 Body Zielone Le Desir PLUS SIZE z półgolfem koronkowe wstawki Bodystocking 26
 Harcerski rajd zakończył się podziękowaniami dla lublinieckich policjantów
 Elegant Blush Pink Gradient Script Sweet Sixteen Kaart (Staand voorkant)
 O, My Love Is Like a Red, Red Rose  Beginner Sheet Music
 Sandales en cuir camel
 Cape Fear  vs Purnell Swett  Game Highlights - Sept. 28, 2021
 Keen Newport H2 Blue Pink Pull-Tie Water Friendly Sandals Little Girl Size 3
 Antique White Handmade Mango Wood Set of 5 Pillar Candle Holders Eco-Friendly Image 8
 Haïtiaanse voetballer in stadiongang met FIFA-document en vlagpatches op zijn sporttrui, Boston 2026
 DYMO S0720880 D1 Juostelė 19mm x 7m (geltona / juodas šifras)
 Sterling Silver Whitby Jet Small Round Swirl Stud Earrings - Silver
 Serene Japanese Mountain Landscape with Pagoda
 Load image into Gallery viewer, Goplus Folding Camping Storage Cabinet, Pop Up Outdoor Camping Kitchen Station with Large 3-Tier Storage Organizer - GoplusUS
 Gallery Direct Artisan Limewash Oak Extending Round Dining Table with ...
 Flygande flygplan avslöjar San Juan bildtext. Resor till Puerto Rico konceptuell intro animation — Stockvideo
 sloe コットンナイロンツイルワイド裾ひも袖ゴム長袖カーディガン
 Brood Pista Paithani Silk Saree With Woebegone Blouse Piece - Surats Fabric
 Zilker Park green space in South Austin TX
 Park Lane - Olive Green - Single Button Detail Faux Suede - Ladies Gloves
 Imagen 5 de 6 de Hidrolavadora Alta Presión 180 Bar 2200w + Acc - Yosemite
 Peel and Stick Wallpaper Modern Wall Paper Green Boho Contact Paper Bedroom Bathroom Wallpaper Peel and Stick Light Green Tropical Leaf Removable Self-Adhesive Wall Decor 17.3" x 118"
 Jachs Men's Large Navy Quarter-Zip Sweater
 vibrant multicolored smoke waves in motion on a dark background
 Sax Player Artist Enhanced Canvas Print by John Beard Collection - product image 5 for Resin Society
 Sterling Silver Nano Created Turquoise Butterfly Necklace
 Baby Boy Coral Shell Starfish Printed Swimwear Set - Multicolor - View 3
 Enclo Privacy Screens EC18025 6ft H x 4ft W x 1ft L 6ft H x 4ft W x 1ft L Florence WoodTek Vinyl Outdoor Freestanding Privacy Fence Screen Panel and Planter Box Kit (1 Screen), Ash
════════
• WHAT NEEDS TO BE DONE: Using the entries above, give again exactly the lines from the line holding "Serene Japanese Mountain" through the line holding "sloe コットンナイロンツイルワイド裾ひも袖ゴム長袖カーディガン". Include both end lines and nothing else.

• ANSWER TO THIS TASK:
 Serene Japanese Mountain Landscape with Pagoda
 Load image into Gallery viewer, Goplus Folding Camping Storage Cabinet, Pop Up Outdoor Camping Kitchen Station with Large 3-Tier Storage Organizer - GoplusUS
 Gallery Direct Artisan Limewash Oak Extending Round Dining Table with ...
 Flygande flygplan avslöjar San Juan bildtext. Resor till Puerto Rico konceptuell intro animation — Stockvideo
 sloe コットンナイロンツイルワイド裾ひも袖ゴム長袖カーディガン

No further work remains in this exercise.